Candu Energy Inc.
- Company type: Subsidiary
- Industry: Nuclear power
- Headquarters: Mississauga, Ontario, Canada
- Area served: Worldwide
- Key people: Joe St. Julian (President)
- Products: CANDU reactor
- Number of employees: 1,400 (2011)
- Parent: AtkinsRéalis (formerly SNC-Lavalin)
- Website: www.candu.com

= Candu Energy =

Canadian nuclear reactor company

Candu Energy Inc. is a Canadian wholly owned subsidiary of Montreal-based AtkinsRéalis (formerly SNC-Lavalin Inc.), specializing in the design and supply of nuclear reactors, as well as nuclear reactor products and services. Candu Energy Inc. was created in 2011 when parent company SNC-Lavalin purchased the commercial reactor division of Atomic Energy of Canada Limited (AECL), along with the development and marketing rights to CANDU reactor technology.

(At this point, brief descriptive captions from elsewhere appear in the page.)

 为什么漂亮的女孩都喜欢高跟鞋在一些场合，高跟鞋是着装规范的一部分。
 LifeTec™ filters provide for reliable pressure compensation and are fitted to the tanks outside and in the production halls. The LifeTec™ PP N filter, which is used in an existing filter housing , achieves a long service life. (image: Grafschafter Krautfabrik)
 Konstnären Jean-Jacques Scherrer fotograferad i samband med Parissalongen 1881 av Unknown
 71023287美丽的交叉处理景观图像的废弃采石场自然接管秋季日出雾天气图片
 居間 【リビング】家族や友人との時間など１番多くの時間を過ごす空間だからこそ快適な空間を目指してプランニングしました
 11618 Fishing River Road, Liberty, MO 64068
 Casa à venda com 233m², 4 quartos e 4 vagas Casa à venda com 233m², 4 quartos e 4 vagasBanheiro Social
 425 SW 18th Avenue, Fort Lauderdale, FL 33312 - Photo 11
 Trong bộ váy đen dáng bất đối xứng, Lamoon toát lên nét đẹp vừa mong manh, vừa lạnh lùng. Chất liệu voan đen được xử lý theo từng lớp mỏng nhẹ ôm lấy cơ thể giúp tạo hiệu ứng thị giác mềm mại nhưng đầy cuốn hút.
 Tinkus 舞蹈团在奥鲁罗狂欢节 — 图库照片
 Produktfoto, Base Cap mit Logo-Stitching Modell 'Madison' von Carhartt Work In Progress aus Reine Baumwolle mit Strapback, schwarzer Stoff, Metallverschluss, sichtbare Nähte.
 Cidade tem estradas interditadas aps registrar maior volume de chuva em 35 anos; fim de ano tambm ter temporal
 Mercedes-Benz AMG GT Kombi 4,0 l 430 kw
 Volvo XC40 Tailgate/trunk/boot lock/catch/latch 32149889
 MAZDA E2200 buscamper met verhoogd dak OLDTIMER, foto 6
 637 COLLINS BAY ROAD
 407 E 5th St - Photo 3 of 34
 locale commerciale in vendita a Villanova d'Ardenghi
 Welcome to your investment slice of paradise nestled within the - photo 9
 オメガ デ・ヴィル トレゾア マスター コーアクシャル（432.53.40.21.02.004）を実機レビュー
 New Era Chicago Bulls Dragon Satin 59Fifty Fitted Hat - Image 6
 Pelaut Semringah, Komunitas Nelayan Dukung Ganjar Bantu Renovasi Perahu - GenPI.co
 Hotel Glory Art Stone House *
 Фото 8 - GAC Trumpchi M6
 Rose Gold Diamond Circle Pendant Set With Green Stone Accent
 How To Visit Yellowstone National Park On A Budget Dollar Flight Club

Candu Energy Inc. is located in Mississauga, Ontario, Canada. Candu Energy lists its main business lines as:

- CANDU life extension
- CANDU maintenance and performance services
- CANDU new build

The reactor products offered by Candu Energy Inc. are the CANDU 6 and Enhanced CANDU 6 reactors. Candu Energy Inc. also specializes in advanced fuel cycle technology that exploits the fuel cycle flexibility of the CANDU design, including fuels based on Recovered Uranium (RU) from Light Water Reactors (LWRs) and Mixed-Oxide fuel (MOX) incorporating thorium or plutonium.

In 2014, Preston Swafford was hired to lead the company as its Chief Nuclear Officer, President & CEO. Also in 2014, Candu Energy increased sharing of human resources with SNC-Lavalin.